Texas Could Prevent Future ITC Fires With Vigorous Enforcement - Waterkeeper

Texas Could Prevent Future ITC Fires With Vigorous Enforcement

By: Bayou City Waterkeeper

Written by Bayou City Waterkeeper Executive Director & Waterkeeper Jordan Macha and Legal Director Kristen Schlemmer. Reposted with permission from Bayou City Waterkeeper.

Last week, the Intercontinental Terminals Company (ITC) polluted local air and water with a massive fire at its Deer Park chemical storage facility — something of a habit for the company. In 2018, ITC discharged cyanide into Tucker Creek, an impaired water along the Ship Channel, eight times above the levels set by its state-issued permits — once as much as 1,138 percent above permitted limits. According to EPA data, at its now-infamous Deer Park facility alone, the company violated the federal Clean Water Act six of the last 12 quarters.

Over the weekend, the Texas Attorney General filed a lawsuit against ITC for its latest set of environmental violations that resulted from the fire in Deer Park. The lawsuit prompted Texas Governor Greg Abbott to tweet: “Polluters will be punished.” But in our state, polluters far too often go unpunished. The example of ITC suggests that when left unpunished, polluters may go on to create disasters that could have been prevented.

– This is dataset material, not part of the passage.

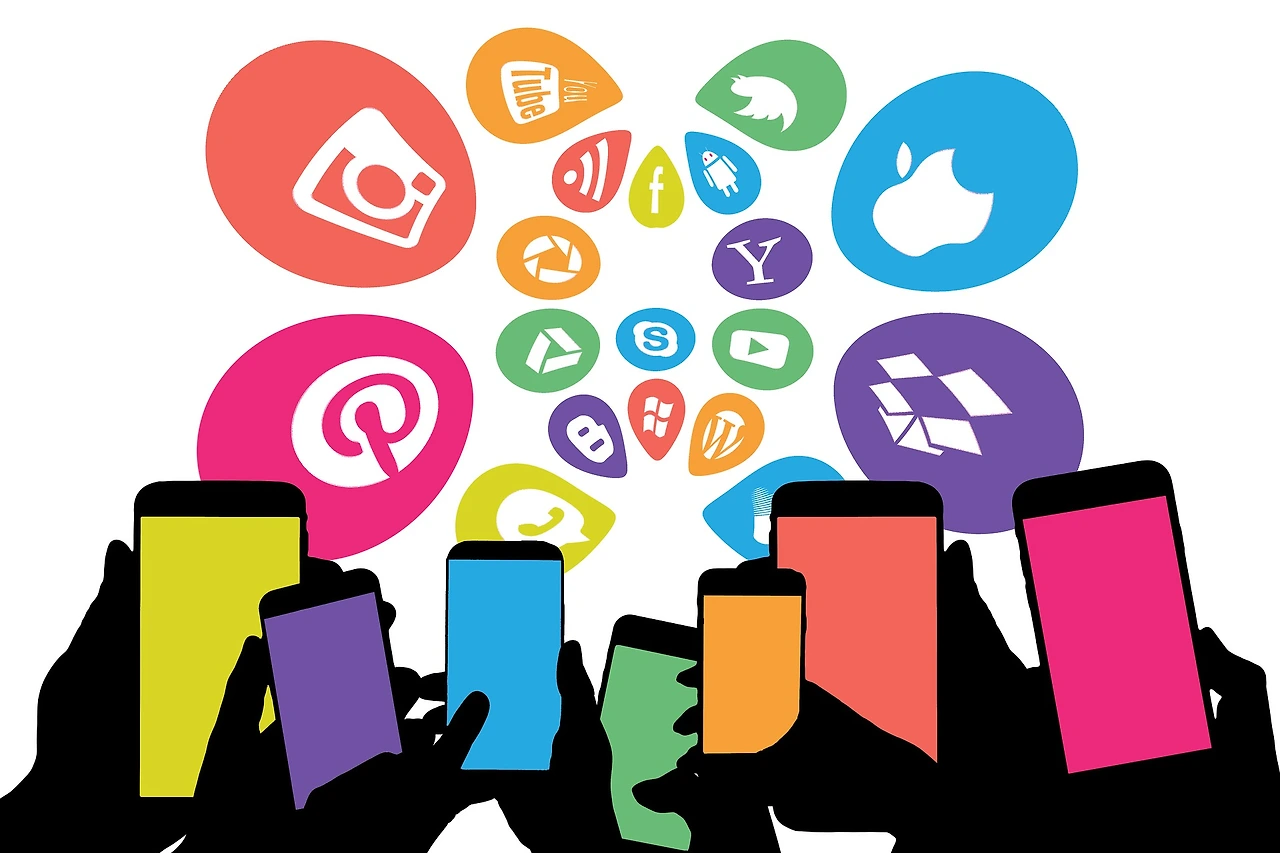 social-media-6932050_1920.jpeg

The EPA’s publicly available data shows that like ITC, 73 entities in the greater Houston area violated at least one environmental law in at least six of the last 12 quarters since January 2016. A jaw-dropping 26 had violations in every quarter over the last three years. Facilities owned by familiar names like Arkema, Dow, Exxon, Shell, and Chevron also exceeded their clean water permit limits in 2018.

Each of these violations offers an independent opportunity for enforcement by our state’s top legal office. But as the ITC’s history of legal violations shows, our state allows environmental violators to continually disregard environmental laws without real repercussions. According to EPA data, ITC’s now-infamous facility faced a formal enforcement action only once over the last five years, despite its repeated water violations. It resulted in a $18,300 fine.

In the case of ITC, the Texas Attorney General could, and should, have acted much sooner. In the case of other repeat violators, our state’s chief enforcer must view the ITC fire as his call to broader action. Paltry fines are not enough to force habitual offenders like ITC to clean up their act.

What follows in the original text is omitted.